|
6 Makanan Pelawan Kanker
Diambil dari health.com. Untuk mengurangi resiko terkena kanker, banyak-banyaklah makan sayuran. Menurut dr. Richard Béliveau, kepala pencegahan & penanganan kanker pada the University of Québec di Montreal sekaligus penulis buku ‘Foods to Fight Cancer’. Dia mengatakan “semua penelitian mengenai kanker & nutrisi menekankan untuk banyak mengkonsumsi sayuran karena kandungan fitonutrisi & senyawa istimewa lainnya. Sebaiknya konsumsi sayuran & buah dari berbagai jenis tersebut 5-9 kali sehari”.
Berikut 6 makanan super yang dapat untuk mencegah kanker :
- Brokoli Semua sayuran seperti kembang kol, kol & kale mempunyai kandungan anti kanker, tetapi brokoli merupakan satu-satunya yang mempunyai kandungan sulforaphane dalam jumlah cukup. Sulforaphane adalah zat aktif yang dapat meningkatkan enzim pertahanan tubuh & membuang bahan kimia penyebab kanker. Demikian menurut Jed Fahey, ScD, sebuah penelitian terbaru pada tikus dari University of Michigan menemukan bahwa sulforaphane juga dapat digunakan untuk sel induk kanker, yaitu sel yang membantu pertumbuhan kanker.
- Buah Berry Semua jenis buah berry mengandung fitonutrisi pelawan kanker, tetapi pada buah raspberry hitam terutama yang mengandung konsentrat tinggi antosianin. Zat tersebut dapat memperlambat pertumbuhan sel premalignant, demikian menurut Gary D. Stoner, PhD, seorang pengajar di The Ohio State University College of Medicine.
- Buah Tomat Buah berair ini merupakan sumber terbaik untuk lycopene, suatu senyawa karetenoid yang memberikan warna merah pada tomat.
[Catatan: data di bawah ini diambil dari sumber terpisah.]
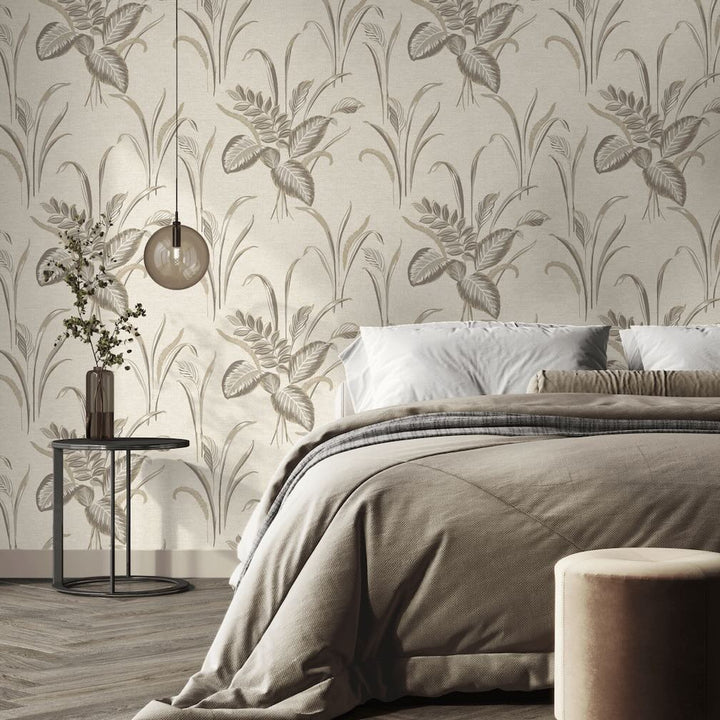 Belgravia Palma Leaf Mocha & Champagne Wallpaper
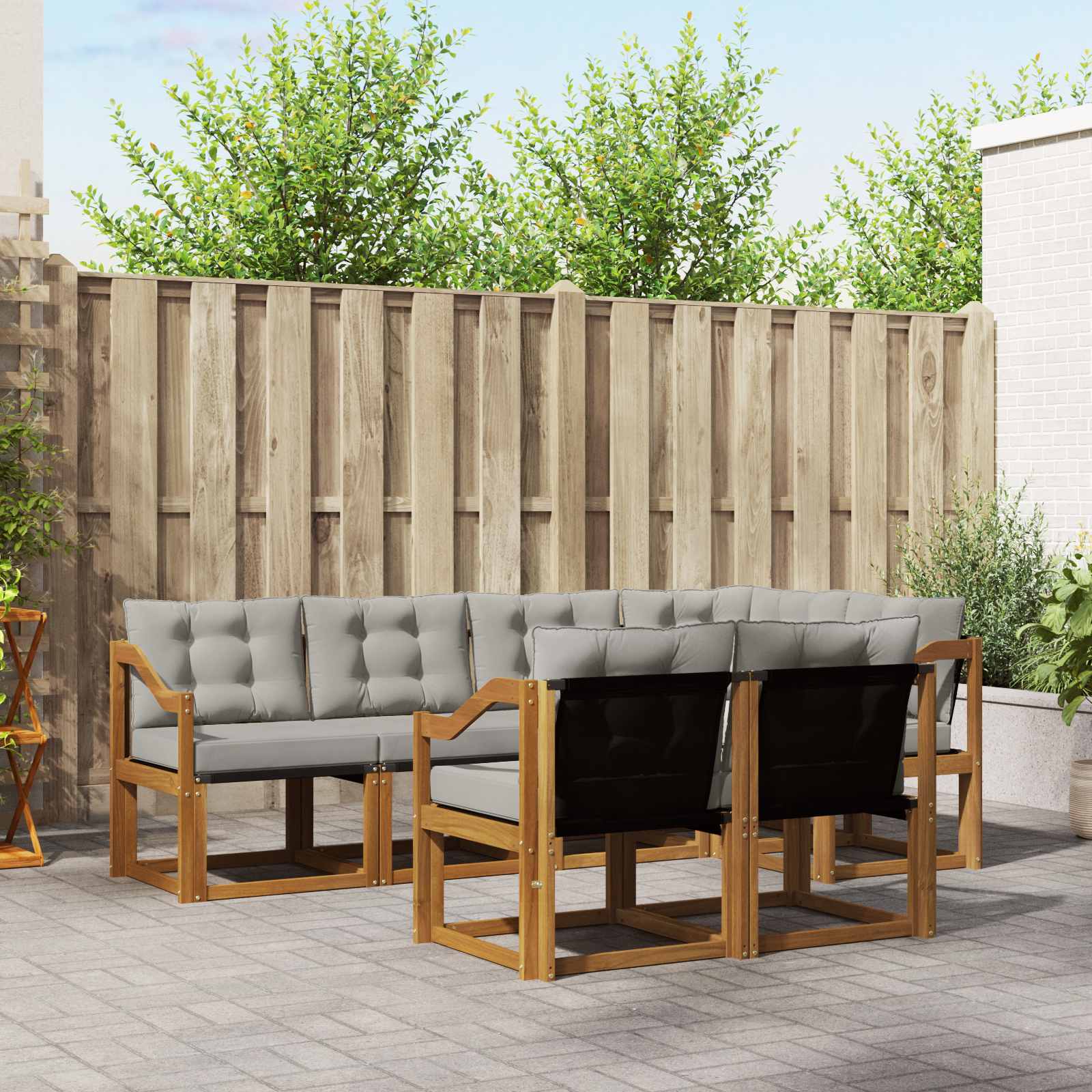Buiten bankenset met kussen 7 pcs Natuurlijk en Lichtgrijs – afbeelding 1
Sedangkan lycopene sendiri menurut penelitian dapat menghentikan pertumbuhan sel kanker endometrial.
- Kacang kenari Kandungan fitosterol pada kacang kenari telah menunjukkan hasil dapat menghambat reseptor estrogen pada sel kanker payudara, yang memungkinkan memperlambat pertumbuhan sel kanker tersebut. Demikian menurut Elaine Hardman, PhD, pengajar di Marshall University School of Medicine di Huntington, West Virginia.
- Bawang Putih Fitokimia yang terdapat pada bawang putih dapat merusak formasi nitrosamines, suatu karsinogen yang terbentuk di perut (dan juga usus, pada kondisi tertentu) ketika mengkonsumsi senyawa nitrat, yang biasa digunakan untuk pengawet makanan. Bahkan penelitan tentang kesehatan wanita di Iowa menemukan bahwa wanita yang banyak mengkonsumsi bawang putih, mempunyai resiko kanker usus besar 50 % lebih rendah dibandingkan dengan mereka mengkonsumsi dalam jumlah sedikit.
- Kacang polong Sebuah penelitian yang dilakukan di Michigan State University menemukan bahwa kacang polong hitam & hijau secara signifikan menurunkan kejadian kanker usus besar pada tikus. Hal ini karena makanan yang banyak mengandung jenis legume meningkatkan kadar asam lemak butirat, yang dalam jumlah besar dapat melindungi terhadap pertumbuhan sel kanker. Sebuah penelitian lain yang tertera pada the journal Crop Science, menemukan bahwa kacang-kacangan kering terutama secara efektif dapat mencegah kanker payudara pada tikus.